(Data extracts begins)

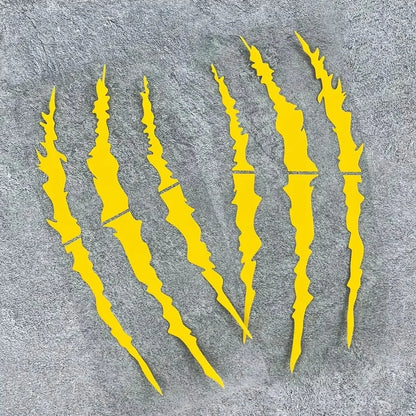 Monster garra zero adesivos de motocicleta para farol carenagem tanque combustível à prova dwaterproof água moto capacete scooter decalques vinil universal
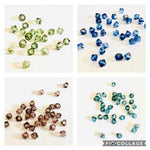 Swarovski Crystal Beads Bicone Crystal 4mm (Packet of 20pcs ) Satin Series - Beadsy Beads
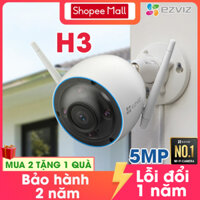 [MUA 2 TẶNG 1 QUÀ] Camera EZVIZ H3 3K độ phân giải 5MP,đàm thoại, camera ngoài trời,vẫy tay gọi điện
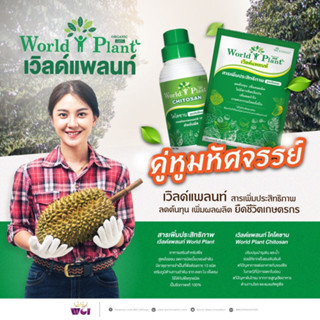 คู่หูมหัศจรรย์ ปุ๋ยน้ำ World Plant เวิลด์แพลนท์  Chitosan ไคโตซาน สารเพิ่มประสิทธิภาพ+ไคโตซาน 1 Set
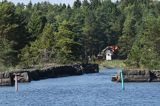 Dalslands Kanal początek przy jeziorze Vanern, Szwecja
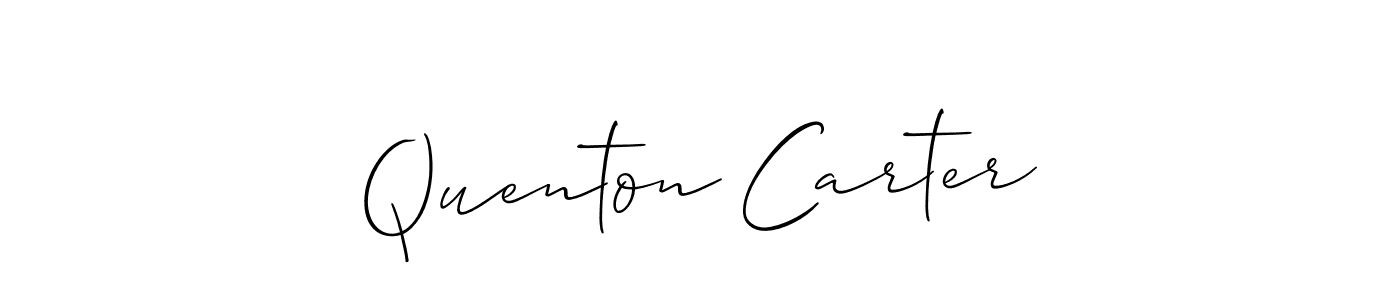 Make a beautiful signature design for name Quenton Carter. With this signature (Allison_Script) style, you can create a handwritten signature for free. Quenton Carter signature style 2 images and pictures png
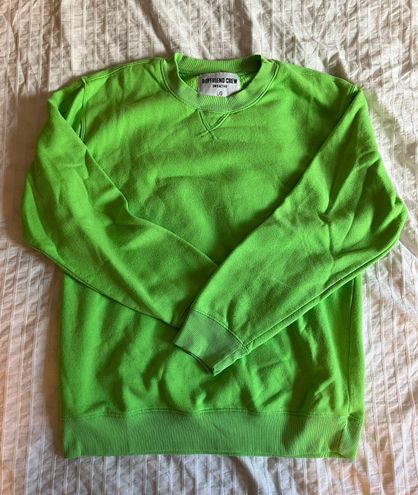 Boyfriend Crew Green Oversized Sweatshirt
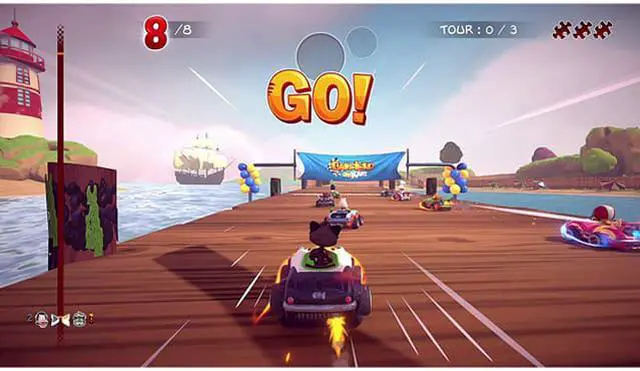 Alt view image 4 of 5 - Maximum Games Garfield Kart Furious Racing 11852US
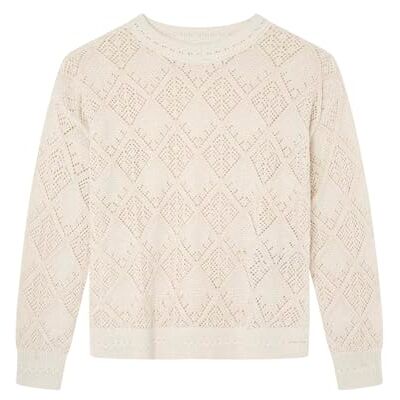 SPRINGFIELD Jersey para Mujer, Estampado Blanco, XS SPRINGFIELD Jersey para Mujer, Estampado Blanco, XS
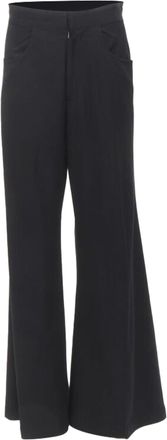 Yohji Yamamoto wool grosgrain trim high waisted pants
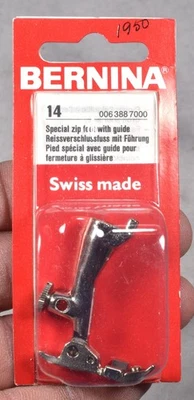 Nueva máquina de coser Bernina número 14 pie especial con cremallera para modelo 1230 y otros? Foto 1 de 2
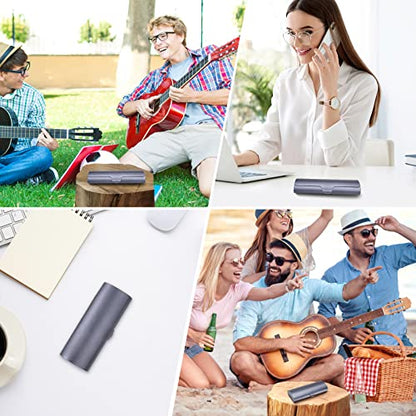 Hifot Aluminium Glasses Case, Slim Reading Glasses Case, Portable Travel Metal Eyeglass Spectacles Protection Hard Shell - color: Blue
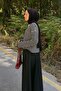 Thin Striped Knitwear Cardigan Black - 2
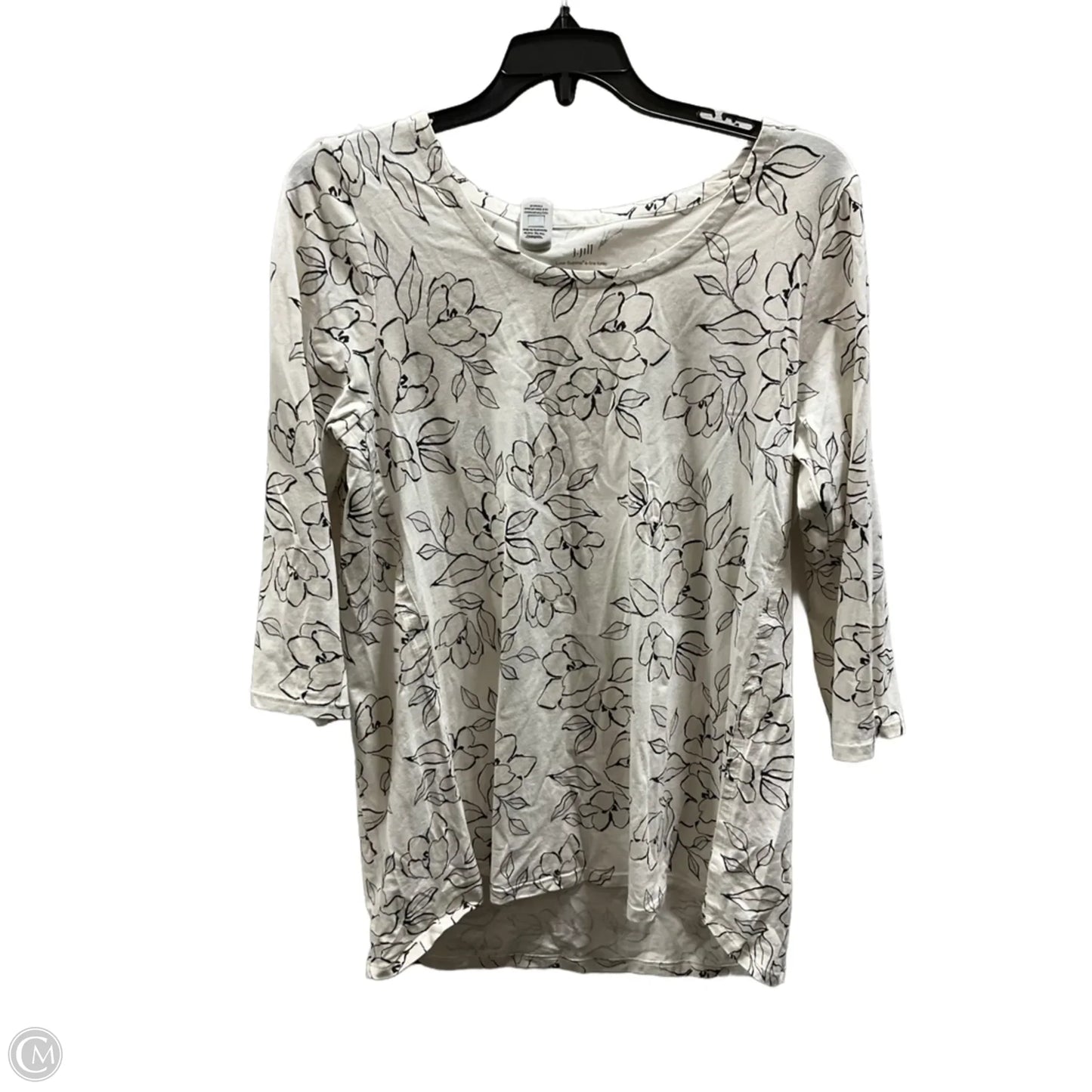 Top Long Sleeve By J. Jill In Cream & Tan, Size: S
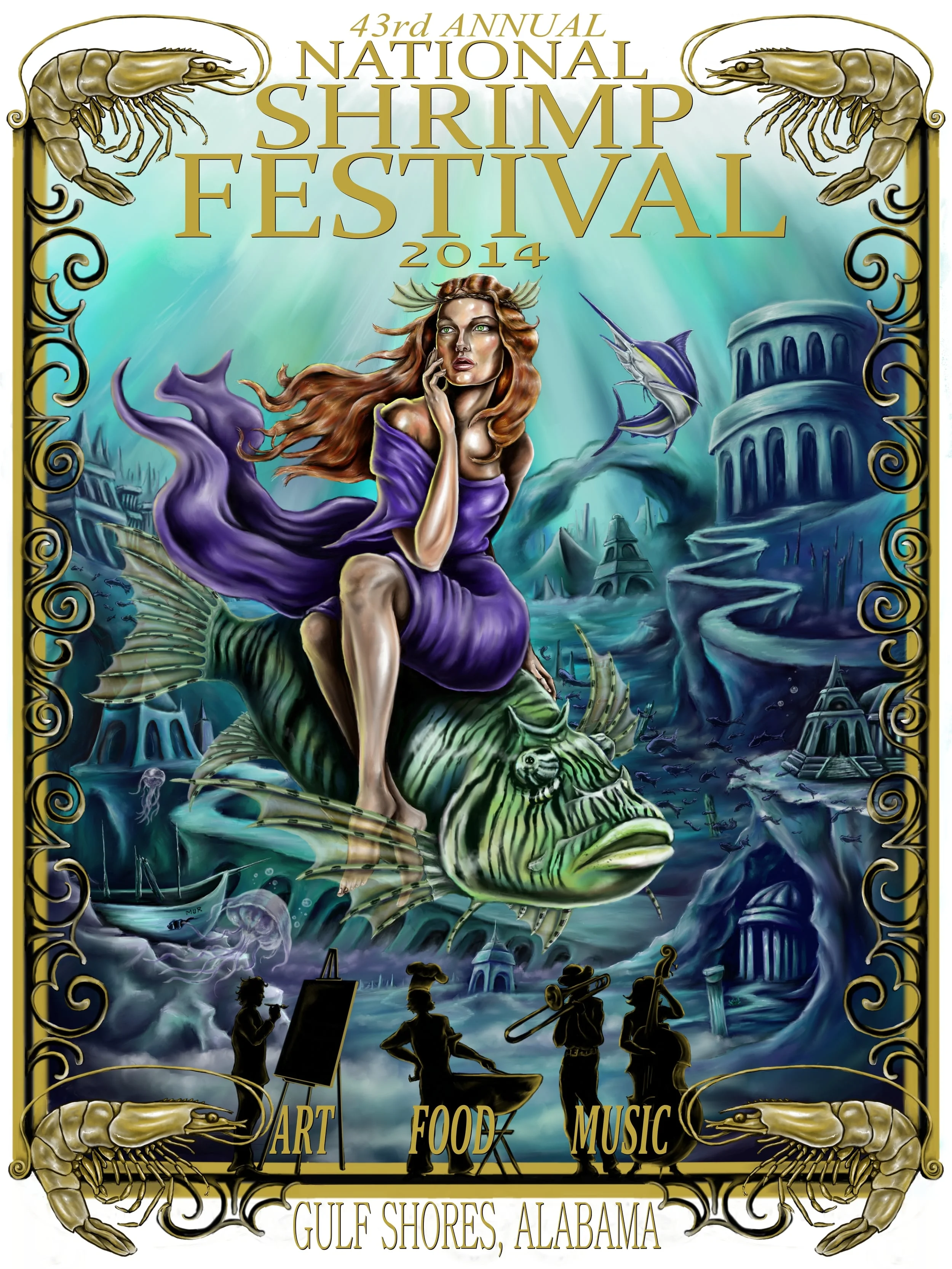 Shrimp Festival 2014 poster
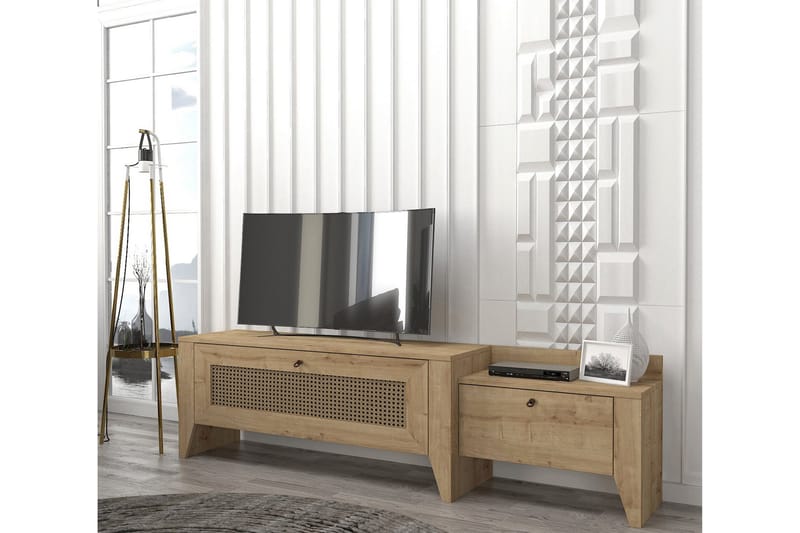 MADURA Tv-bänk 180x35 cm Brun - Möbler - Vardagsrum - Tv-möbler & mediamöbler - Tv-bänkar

(Data extracts ends)

→ About this task
Could you restate every record above word for word, dropping the pictures?

→ Your solution
 Monster garra zero adesivos de motocicleta para farol carenagem tanque combustível à prova dwaterproof água moto capacete scooter decalques vinil universal
 Swarovski Crystal Beads Bicone Crystal 4mm (Packet of 20pcs ) Satin Series - Beadsy Beads
 [MUA 2 TẶNG 1 QUÀ] Camera EZVIZ H3 3K độ phân giải 5MP,đàm thoại, camera ngoài trời,vẫy tay gọi điện
 คู่หูมหัศจรรย์ ปุ๋ยน้ำ World Plant เวิลด์แพลนท์  Chitosan ไคโตซาน สารเพิ่มประสิทธิภาพ+ไคโตซาน 1 Set
 Dalslands Kanal początek przy jeziorze Vanern, Szwecja
 Make a beautiful signature design for name Quenton Carter. With this signature (Allison_Script) style, you can create a handwritten signature for free. Quenton Carter signature style 2 images and pictures png
 Boyfriend Crew Green Oversized Sweatshirt
 Alt view image 4 of 5 - Maximum Games Garfield Kart Furious Racing 11852US
 SPRINGFIELD Jersey para Mujer, Estampado Blanco, XS SPRINGFIELD Jersey para Mujer, Estampado Blanco, XS
 Yohji Yamamoto wool grosgrain trim high waisted pants
 Nueva máquina de coser Bernina número 14 pie especial con cremallera para modelo 1230 y otros? Foto 1 de 2
 Hifot Aluminium Glasses Case, Slim Reading Glasses Case, Portable Travel Metal Eyeglass Spectacles Protection Hard Shell - color: Blue
 Thin Striped Knitwear Cardigan Black - 2
 Top Long Sleeve By J. Jill In Cream & Tan, Size: S
 Shrimp Festival 2014 poster
 MADURA Tv-bänk 180x35 cm Brun - Möbler - Vardagsrum - Tv-möbler & mediamöbler - Tv-bänkar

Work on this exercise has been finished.